Tuesday, December 2, 2008

Uptime: It's not rocket science

I've always been stumped at how some people just have trouble keeping a server up, worse yet, those that don't have a proper plan if it goes down, which happens.

In the past, 2 days, I've witnessed two Ultima Online servers go down, for hours. :O

There is no reason for a server to be down that long. If a HDD fails and it's not a raid, then there should be a very good plan to recover as fast as possible. 1-2 hours MAX. With raid, there is no reason why it should take more then an hour if something else goes wrong.

I will admit, my online production server has NO raid, however, I have everything documented in the case of a failure, so I can be up and running ASAP.

Also, backups are your friends. Automatic backups. No excuse.

That said, this is my uptime.



I'm aiming to pass 1 year. This server has been rebooted once, and it was the day after it was deployed. I did a reboot to test that everything works properly after a reboot, so I don't get any surprises in the future if I do have to reboot. (such as a service not set to start, and it reboots when I'm not around).

This server is hosted at The Planet and their service and support have been great.

2 comments:

Bryan C. Fleming said...

You would think they would be using an uptime monitoring service (I use http://www.internetuptimemonitor.com).

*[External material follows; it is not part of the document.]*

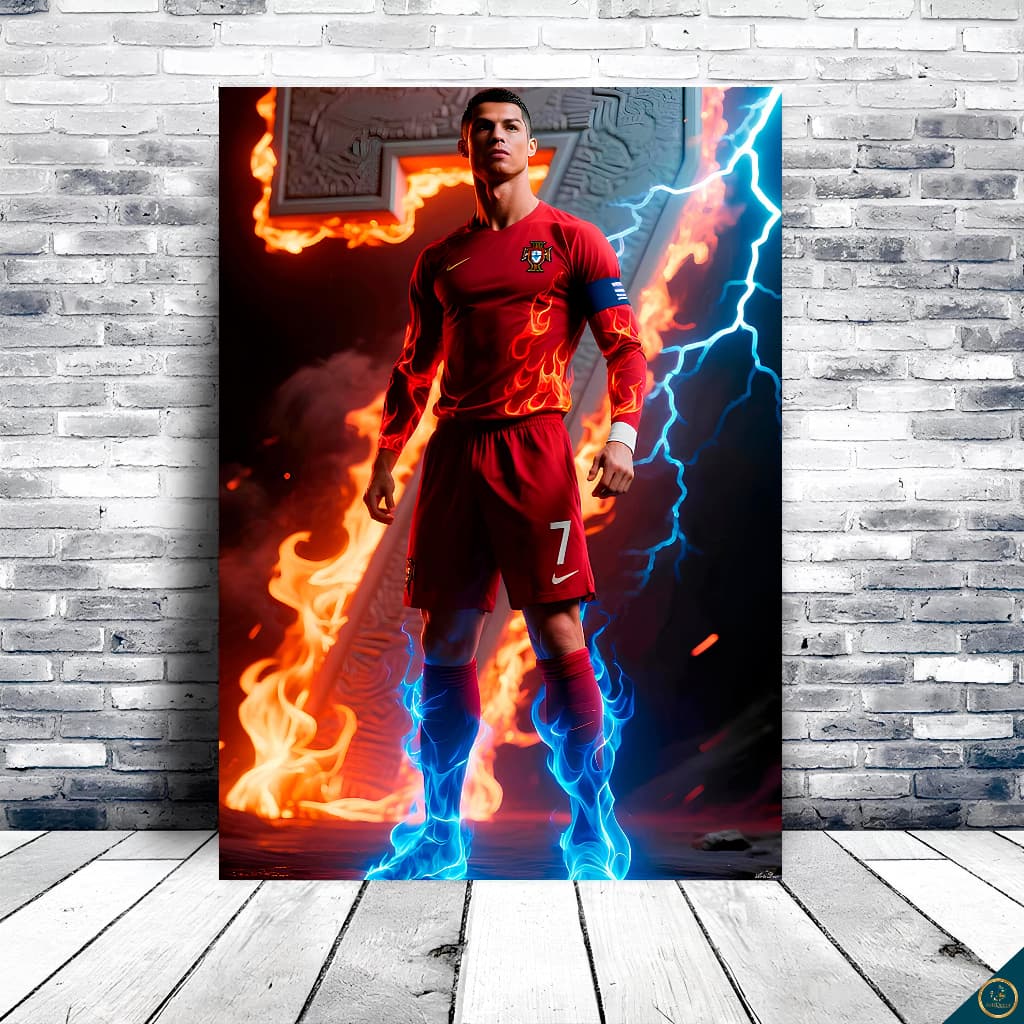 Quadro Decorativo Cristiano Ronaldo Cr7 Arte Futebol Clube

That way they could fix the problem within a few minutes.

BTW - Nice Uptime on your server. 230 days is pretty amazing!

Red Squirrel said...

Good point, especially if they have a cell or other mobile device they could have alerts sent there.

In fact I don't use such system and probably should (will code one eventually), but then again I only have one server and if it goes down I'll know fairly quick. I go to one of my sites at least once every hour. Though the issue I could run into is if it goes down and I'm at work.

But even then I could quickly fix up something so there's at least a status page of some sort to tell everyone I'm aware and I will be working on it asap. Lot of people tend to like to leave you in the dark when their service goes down.